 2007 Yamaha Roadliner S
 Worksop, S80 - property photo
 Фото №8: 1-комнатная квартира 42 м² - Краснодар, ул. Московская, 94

·····

__Goal of the exercise__
The material must be reproduced word for word.

__Solution for this problem__
 2007 Yamaha Roadliner S
 Worksop, S80 - property photo
 Фото №8: 1-комнатная квартира 42 м² - Краснодар, ул. Московская, 94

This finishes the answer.